Kebenaran yang objektif, yang merupakan kebenaran yang pasti dan satu itu adalah kebenaran yang didasarkan kepada peraturan yang dibuat oleh Yang Maha Satu, Yang Maha Mengetahui segala sesuatu, Yang Maha Benar. Karena itu satu-satunya kebenaran yang objektif adalah kebenaran yang dibuat oleh Yang Maha Satu, Yang Maha Benar itu.
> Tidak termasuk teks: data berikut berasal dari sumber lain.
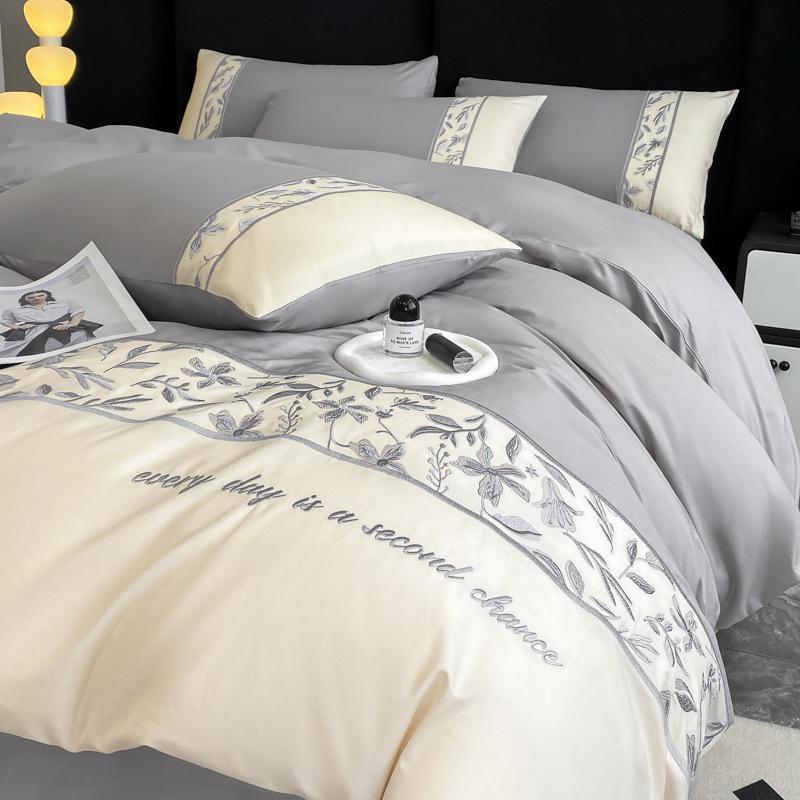 Light Luxury 100% Long-Staple Cotton Embroidered Bedding Set - High-End Four-Piece Pure Cotton for All Seasons.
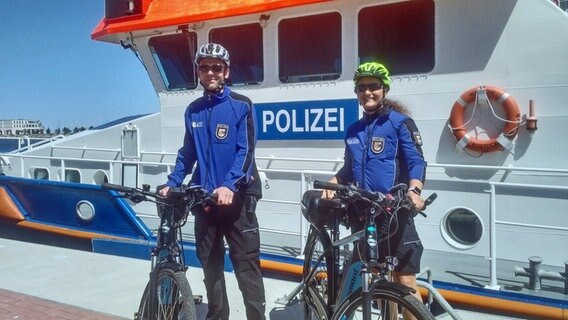 Uniformierte Polizisten im Bäderdienst stehen mit Fahrrädern vor einem Polizeischiff. © NDR Foto: Max Fuhrmann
Sehingga peraturan yang buat manusia bersifat relatif itu menjadi benar apabila tidak bertentangan dengan peraturan yang objektif yang dibuat Yang Maha Satu, Yang Maha Benar; yaitu peraturan yang tidak bertentangan dengan wahyu, karena kebenaran mutlak adalah kebenaran dari Yang Maha Benar; sebagaimana disebutkan dalam firman-Nya :
ﻦﻳﺮﺗﻣﻤ ﻦﻧﻮﮑﺗ ﻼﻔ ﻚﺑﺮ ﻦﻣ ﻕﺣﻟﺍ
Artinya : “Kebenaran itu adalah dari Tuhanmu, sebab itu jangan sekali-kali kamu termasuk orang-orang yang ragu”. (Q.S. al-Baqarah 2: 147).

Peraturan-peraturan dari Tuhan ini disampaikan kepada para utusn-Nya melalui wahyu; dan inilah yang menjadi dasar kebenaran dalam sikap perilaku orang yang beragama. Oleh itu, benar yang objektif adalah benar yang didasarkan atas peraturan yang dibuat oleh Tuhan. Sedangkan peraturan yang dibuat manusia, akan dijamin kebenarannya apabila peraturan-peraturan itu tidak bertentangan dengan peraturan yang dibuat Tuhan. Peraturan yang dibuat Tuhan bersifat universal dan fleksibel, sehingga dapat memberikan kemudahan bagi makhluk-Nya untuk menerapkannya di tempat manapun, dan dalam kondisi atau waktu kapanpun.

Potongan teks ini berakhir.